Wendell Pierce nous convie successivement dans l’apport qu’a représenté l’éducation, la culture de ses grands parents marquée au fer rouge. Il étale ensuite la prépondérance des préceptes, les paradigmes inculqués par ses parents dans la difficulté majeure de la ségrégation au sein de la communauté de Pontchartrain Park. En décrivant l’enfance de ceux-ci puis de l’ensemble de la fratrie il dresse une ligne droite inflexible de valeurs profondes et constructives, constitutives d’esprits ouverts et allant de l’avant. Vient le temps de l’émancipation contrecarrant la peur salvatrice de la crainte viscérale de l’échec où alors bourgeonne et révèle la profondeur de son être artistique. On le voit alors creuser son sillon d’acteur pour atteindre sa félicité pour le rôle bi-facette de Bunk.
Vient de manière abrupte l’épisode catastrophe de Katrina qui plus qu’une portée naturelle représente surtout la destruction d’une cité dans ses dimensions multiples fondées sur des racines profondes alliant cultures patrimoniales, instinctivement, naturellement guidées, soutenues par cette culture musicale séculaire.
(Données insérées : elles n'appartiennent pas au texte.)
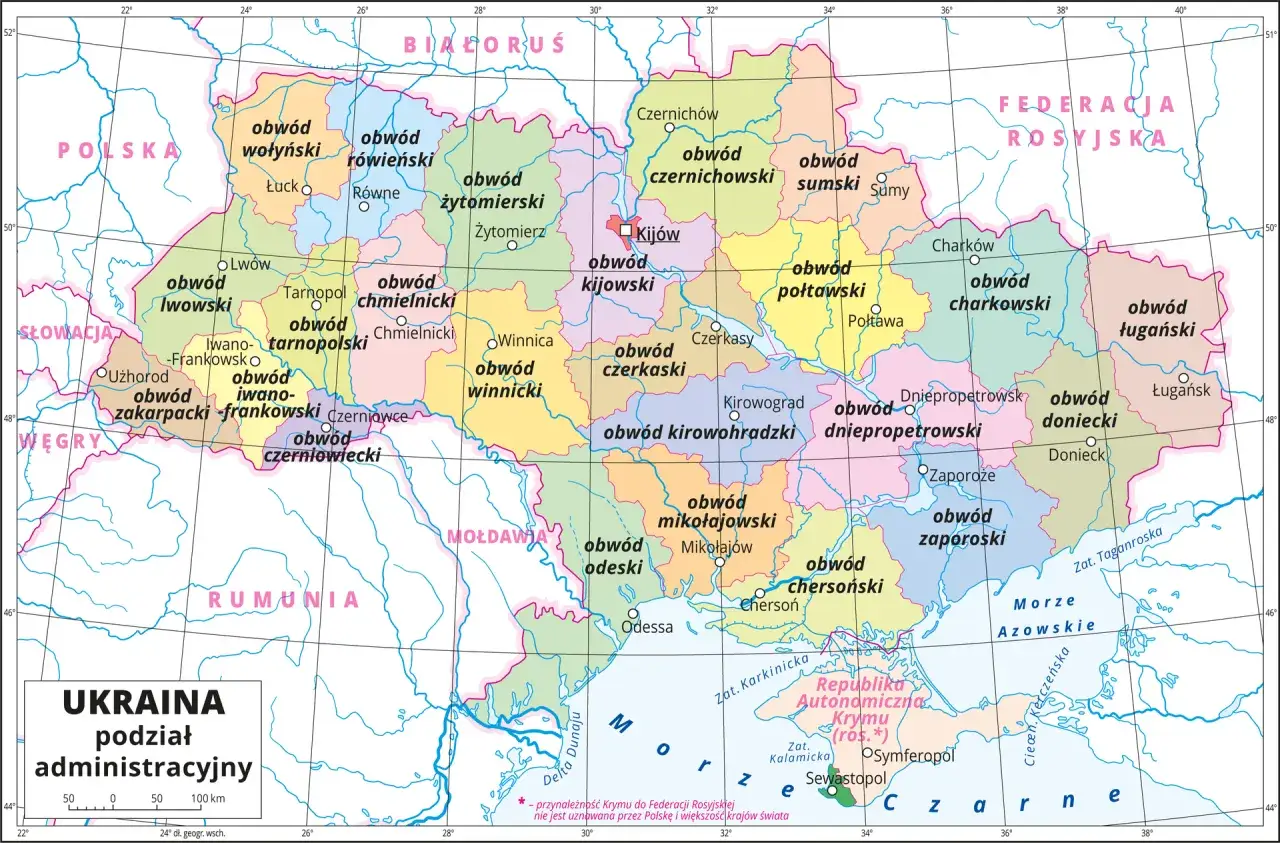 Mapa Ukrainy z zaznaczonymi obwodami. Z jakimi krajami graniczy Ukraina? Z Polską, Słowacją, Węgrami, Rumunią, Mołdawią, Białorusią i Federacją Rosyjską.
S’ensuit la période de la reconstruction. Reconstruction matérielle mais bien plus. Reconstruction de volontés communes de préservation d’une force intérieur qui puise dans la foi de certitudes de singularités fondatrices, intangibles. Cette restauration pourrait être symbolisée par la représentation in vivo de la pièce de Beckett « En attendant Godot » où Wendell découvre l’attachement de son peuple à la culture, à sa culture et ses répercussions. Cet épisode est aussi le pont pour présenter l’aventure TREME constitutive à part entière des méfaits engendrés par un tel désastre, par la mise à jour de manœuvres politiques muées par le pouvoir et la recherche éternelle de bassesses mercantiles.
Ce récit bouleversant est l’histoire, donc, d’un homme à travers sa famille cherchant à étancher sa soif insatiable d’ouverture culturelle en naviguant invariablement entre musique et spectacle vivant. On est régulièrement ému par la sincérité du discours, par sa force puisée dans ses rhizomes générationnels qui ont forgé sa chair, son être, sa sensibilité.
Je l’aimais comme acteur maintenant je l’aime comme homme du monde dan son envergure émotionnelle, sa stature humaniste sans cacher ses failles, sans gommer ses anfractuosités.
Récit enrichissant qui à sa lecture nous isole de notre monde environnant mais à sa clôture nous imprègne d’une dose prophylactique contre les errances de certains et renforce notre part optimiste sur nos prochains nous entourant. Pierce possède cette indéniable faculté de recul sur soi-même et de transmission de vertus poussant à une alacrité sans faille.
Superbe et réel !
« ….nous étions peut-être allongés dans le caniveau mais nous avions le regard fixé sur les étoiles. »
Chouchou.
Eh bien ! Quel magnifique article ! Je sais, c’est sommaire comme commentaire, mais ça donne tellement envie, rien de plus à dire.
Envouté par l’homme, son récit, sa ligne de vie et les symboles qu’il véhicule, les valeurs que l’on lui a transmis…. Touché!